When safety consultants are called in, it’s often because OSHA recordable injuries, workers’ compensation costs and overall injury rates are too high. The irony is, these aren’t the correct metrics to track at all if you hope to improve them.
Post-incident metrics are just symptoms of the problem, so if you focus on them you’ll always be one step behind. The key is to monitor leading indicators, which provide important clues on safety performance before events occur. This predictive approach is what defines a mature safety culture.

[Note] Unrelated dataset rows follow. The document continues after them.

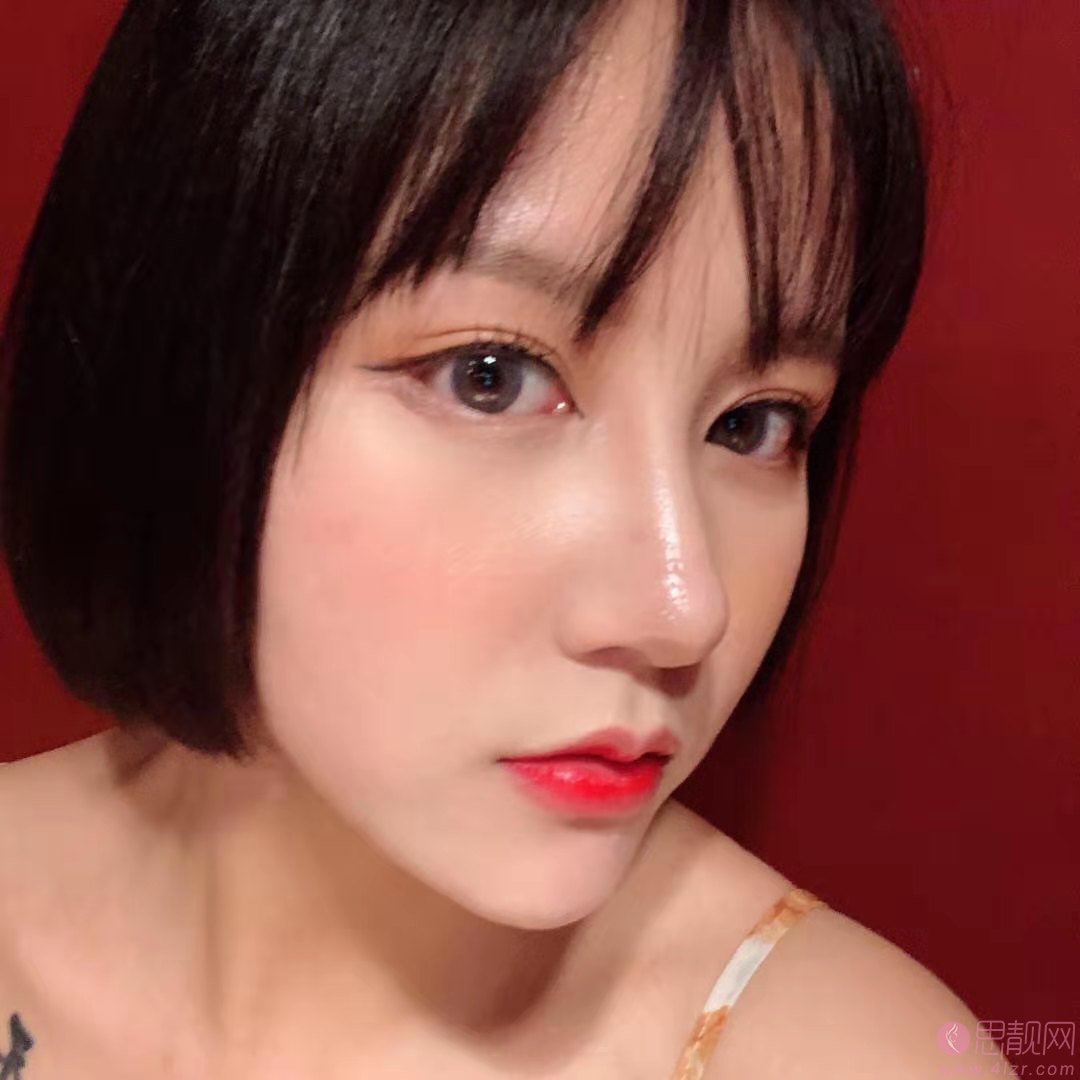 温州芘丽芙美容医院金锋医生做鼻子怎么样？附隆鼻真人案例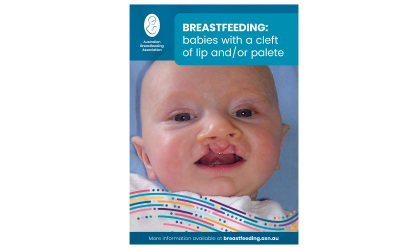 Breastfeeding babies with a cleft of lip and or palate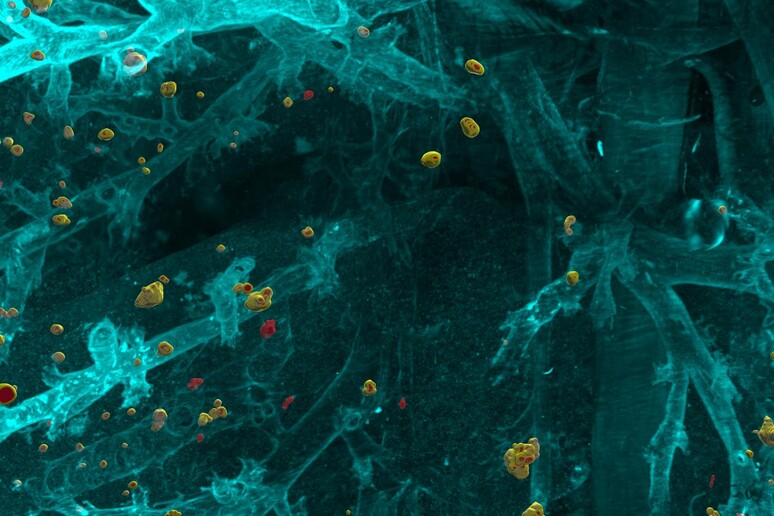 Il programma di intelligenza artificiale DeepMact riesce a individuare anche le metastasi più sfuggenti (fonte: Helmholtz Zentrum München) - RIPRODUZIONE RISERVATA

So which leading indicators should you focus on? Here’s a list of 4 key types.
1. Audit Findings
Whether internal or external, Audits are a great source of information for developing predictive intelligence around safety compliance. Leading safety metrics audits provide include:
- Total number of noncompliances.
- The percentage of high-risk noncompliances, as well as the number of repeat occurrences.
- How long it takes to complete post-audit Corrective and Preventive Actions (CAPAs).
An automated Safety Management System (SMS) simplifies the number crunching associated with Audits, also making it easy to view previous findings and launch CAPAs afterward.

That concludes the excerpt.